Young and old, England's legislators discover the joys of drinking at work.
Indian legislators behaving badly in the House are a common sight, but imagine how much worse things might have been if, like the Palace of Westminster, Indian Parliament and state assemblies were dotted with bars with subsidised alcohol on tap. Often, things can get pretty rough.
Only last week, a senior Labour MP Eric Joyce got so violently drunk in the Commons “Strangers Bar” (since dubbed the “Stranglers Bar”) that several of his colleagues ended up with bloodied noses after he went on a rampage apparently without any provocation. He, of course, ended up in a police cell — charged with assault.
Mr. Joyce first picked on Tory MPs complaining that “there are too many*** (expletive deleted) Tories” and then laid into his own party colleagues who tried to intervene. “He just flipped... There was a bloodbath,” said one MP while another likened it to “the Wild West”.
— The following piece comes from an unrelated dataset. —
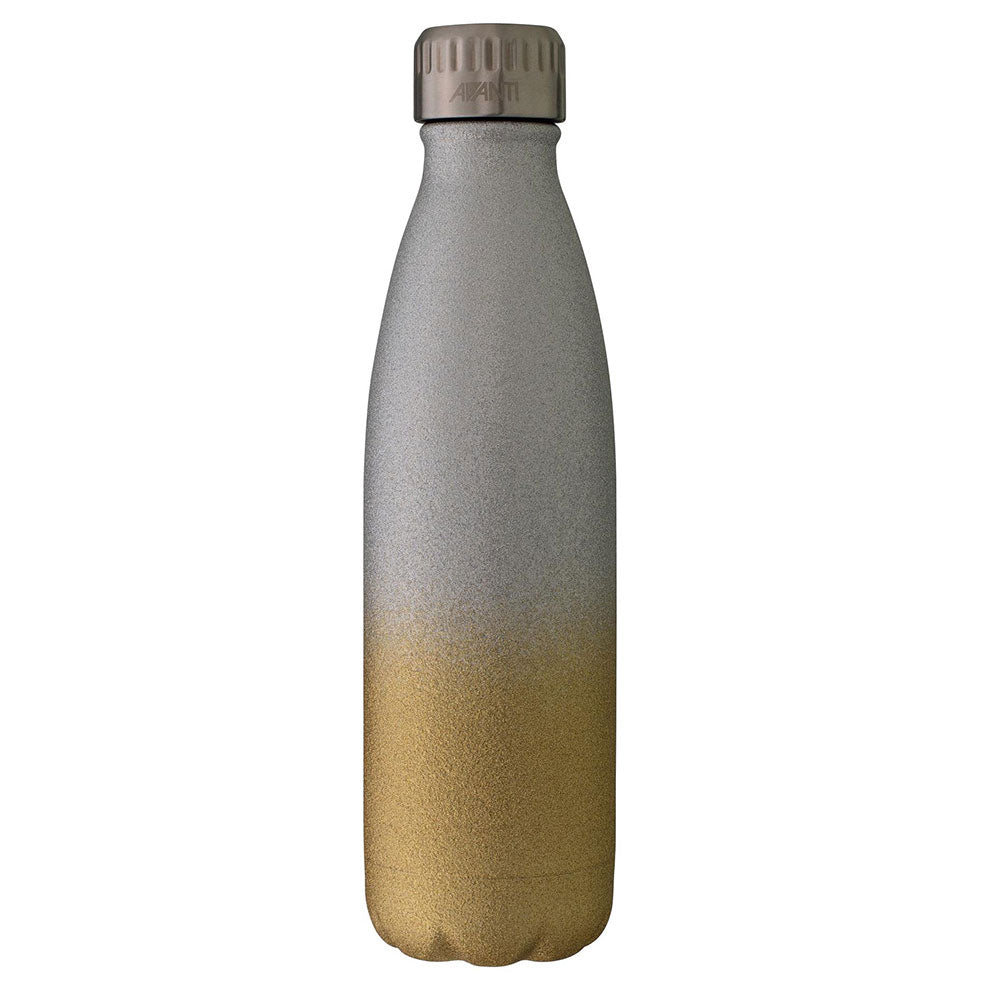Avanti Fluid Vacuum Bottle 500mL (Glitter)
The brawl prompted recollections of other incidents involving hard-drinking MPs. A party whip recalled how quite often MPs when dragged out from the bar to take part in voting didn't know “what they were voting for”. Some didn't remember next morning how they had voted the night before.
One young MP, new to the joys of drinking-while-at-work, excused himself from voting on grounds that he was in no condition to do so. Another slightly drunk MP, in a hurry to get to the division lobby, first bumped into an old lady and then punched a policeman who sought to stop him.